-------- Exercise materials --------
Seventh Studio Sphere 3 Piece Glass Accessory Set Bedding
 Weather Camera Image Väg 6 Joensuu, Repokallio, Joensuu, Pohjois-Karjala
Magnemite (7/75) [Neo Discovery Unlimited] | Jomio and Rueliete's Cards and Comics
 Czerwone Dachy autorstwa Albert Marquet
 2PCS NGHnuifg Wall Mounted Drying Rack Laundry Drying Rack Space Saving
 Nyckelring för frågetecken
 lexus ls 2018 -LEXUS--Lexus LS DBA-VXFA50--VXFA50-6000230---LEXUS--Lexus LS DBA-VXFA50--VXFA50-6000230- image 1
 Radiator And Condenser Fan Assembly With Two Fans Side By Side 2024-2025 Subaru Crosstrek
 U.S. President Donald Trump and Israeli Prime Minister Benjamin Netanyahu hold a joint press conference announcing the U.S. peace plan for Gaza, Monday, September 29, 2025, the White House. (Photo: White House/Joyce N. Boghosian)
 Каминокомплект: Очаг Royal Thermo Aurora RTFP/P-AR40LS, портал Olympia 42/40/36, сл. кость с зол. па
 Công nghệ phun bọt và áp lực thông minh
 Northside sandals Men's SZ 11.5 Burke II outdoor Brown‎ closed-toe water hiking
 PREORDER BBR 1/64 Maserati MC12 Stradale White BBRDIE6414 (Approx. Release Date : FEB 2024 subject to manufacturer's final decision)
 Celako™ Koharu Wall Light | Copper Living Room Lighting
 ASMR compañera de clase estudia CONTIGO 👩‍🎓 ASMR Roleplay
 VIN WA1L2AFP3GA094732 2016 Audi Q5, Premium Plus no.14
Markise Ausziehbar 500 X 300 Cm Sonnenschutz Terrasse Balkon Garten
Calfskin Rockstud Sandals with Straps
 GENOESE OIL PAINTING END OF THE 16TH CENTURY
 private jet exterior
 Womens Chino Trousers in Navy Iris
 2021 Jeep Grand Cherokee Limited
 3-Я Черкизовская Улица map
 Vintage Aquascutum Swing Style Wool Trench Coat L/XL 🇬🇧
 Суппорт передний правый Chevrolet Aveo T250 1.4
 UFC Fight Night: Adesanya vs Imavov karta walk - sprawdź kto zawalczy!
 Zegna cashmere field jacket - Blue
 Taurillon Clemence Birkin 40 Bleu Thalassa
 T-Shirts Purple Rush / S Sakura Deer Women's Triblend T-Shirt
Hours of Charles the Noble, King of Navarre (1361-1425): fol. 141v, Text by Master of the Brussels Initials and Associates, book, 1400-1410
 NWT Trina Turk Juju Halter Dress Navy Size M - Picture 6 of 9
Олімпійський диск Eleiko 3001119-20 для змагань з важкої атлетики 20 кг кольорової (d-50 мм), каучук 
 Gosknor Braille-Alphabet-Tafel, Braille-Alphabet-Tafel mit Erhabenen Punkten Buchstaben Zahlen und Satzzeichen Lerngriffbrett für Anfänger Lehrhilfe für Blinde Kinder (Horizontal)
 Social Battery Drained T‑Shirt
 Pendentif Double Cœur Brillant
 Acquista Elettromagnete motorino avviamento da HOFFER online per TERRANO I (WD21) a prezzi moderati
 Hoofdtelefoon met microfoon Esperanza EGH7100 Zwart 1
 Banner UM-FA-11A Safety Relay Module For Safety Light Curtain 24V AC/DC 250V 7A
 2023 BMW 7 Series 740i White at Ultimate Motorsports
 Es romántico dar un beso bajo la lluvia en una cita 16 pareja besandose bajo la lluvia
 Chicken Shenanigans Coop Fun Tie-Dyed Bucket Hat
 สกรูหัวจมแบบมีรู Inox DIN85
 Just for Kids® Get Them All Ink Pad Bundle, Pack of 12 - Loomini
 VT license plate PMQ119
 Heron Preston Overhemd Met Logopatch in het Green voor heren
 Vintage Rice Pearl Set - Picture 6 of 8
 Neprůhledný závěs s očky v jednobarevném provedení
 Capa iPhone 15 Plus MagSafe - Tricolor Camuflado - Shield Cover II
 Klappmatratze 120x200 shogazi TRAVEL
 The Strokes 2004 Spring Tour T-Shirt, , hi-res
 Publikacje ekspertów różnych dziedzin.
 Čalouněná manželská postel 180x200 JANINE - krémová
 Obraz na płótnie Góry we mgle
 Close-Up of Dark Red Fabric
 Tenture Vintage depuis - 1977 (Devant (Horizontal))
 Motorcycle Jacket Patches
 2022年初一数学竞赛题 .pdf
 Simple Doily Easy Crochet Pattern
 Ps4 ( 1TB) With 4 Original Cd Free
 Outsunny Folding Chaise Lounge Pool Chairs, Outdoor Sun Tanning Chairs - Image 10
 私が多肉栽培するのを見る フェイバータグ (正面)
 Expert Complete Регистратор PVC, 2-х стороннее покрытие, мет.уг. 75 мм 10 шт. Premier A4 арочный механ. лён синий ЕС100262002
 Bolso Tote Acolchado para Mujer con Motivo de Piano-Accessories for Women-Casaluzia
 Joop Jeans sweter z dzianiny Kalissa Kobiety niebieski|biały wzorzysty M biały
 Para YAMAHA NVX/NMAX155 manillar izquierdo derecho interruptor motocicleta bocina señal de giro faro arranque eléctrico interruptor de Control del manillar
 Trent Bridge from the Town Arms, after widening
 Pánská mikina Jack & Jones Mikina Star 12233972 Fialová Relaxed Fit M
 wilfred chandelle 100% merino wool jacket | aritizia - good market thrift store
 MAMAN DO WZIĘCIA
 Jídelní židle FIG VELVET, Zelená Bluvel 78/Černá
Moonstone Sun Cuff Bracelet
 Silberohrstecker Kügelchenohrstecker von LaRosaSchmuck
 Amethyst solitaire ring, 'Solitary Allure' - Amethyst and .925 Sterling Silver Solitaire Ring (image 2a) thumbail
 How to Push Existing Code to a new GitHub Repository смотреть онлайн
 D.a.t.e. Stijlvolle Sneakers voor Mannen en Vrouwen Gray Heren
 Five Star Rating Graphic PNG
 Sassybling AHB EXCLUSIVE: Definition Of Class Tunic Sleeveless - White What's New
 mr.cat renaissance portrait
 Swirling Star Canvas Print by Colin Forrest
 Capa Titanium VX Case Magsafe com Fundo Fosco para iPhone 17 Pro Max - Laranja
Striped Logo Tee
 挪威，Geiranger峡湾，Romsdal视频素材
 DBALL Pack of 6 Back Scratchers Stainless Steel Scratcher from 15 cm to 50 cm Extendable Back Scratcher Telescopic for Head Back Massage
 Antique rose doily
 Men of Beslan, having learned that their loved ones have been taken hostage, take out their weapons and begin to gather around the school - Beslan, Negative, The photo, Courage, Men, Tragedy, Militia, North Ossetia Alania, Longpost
--------
- The problem -
Extract exactly and only the lines above from the line containing "3-Я Черкизовская Улица map" through the line containing "Pendentif Double Cœur Brillant", both end lines included.

- Response -
 3-Я Черкизовская Улица map
 Vintage Aquascutum Swing Style Wool Trench Coat L/XL 🇬🇧
 Суппорт передний правый Chevrolet Aveo T250 1.4
 UFC Fight Night: Adesanya vs Imavov karta walk - sprawdź kto zawalczy!
 Zegna cashmere field jacket - Blue
 Taurillon Clemence Birkin 40 Bleu Thalassa
 T-Shirts Purple Rush / S Sakura Deer Women's Triblend T-Shirt
Hours of Charles the Noble, King of Navarre (1361-1425): fol. 141v, Text by Master of the Brussels Initials and Associates, book, 1400-1410
 NWT Trina Turk Juju Halter Dress Navy Size M - Picture 6 of 9
Олімпійський диск Eleiko 3001119-20 для змагань з важкої атлетики 20 кг кольорової (d-50 мм), каучук 
 Gosknor Braille-Alphabet-Tafel, Braille-Alphabet-Tafel mit Erhabenen Punkten Buchstaben Zahlen und Satzzeichen Lerngriffbrett für Anfänger Lehrhilfe für Blinde Kinder (Horizontal)
 Social Battery Drained T‑Shirt
 Pendentif Double Cœur Brillant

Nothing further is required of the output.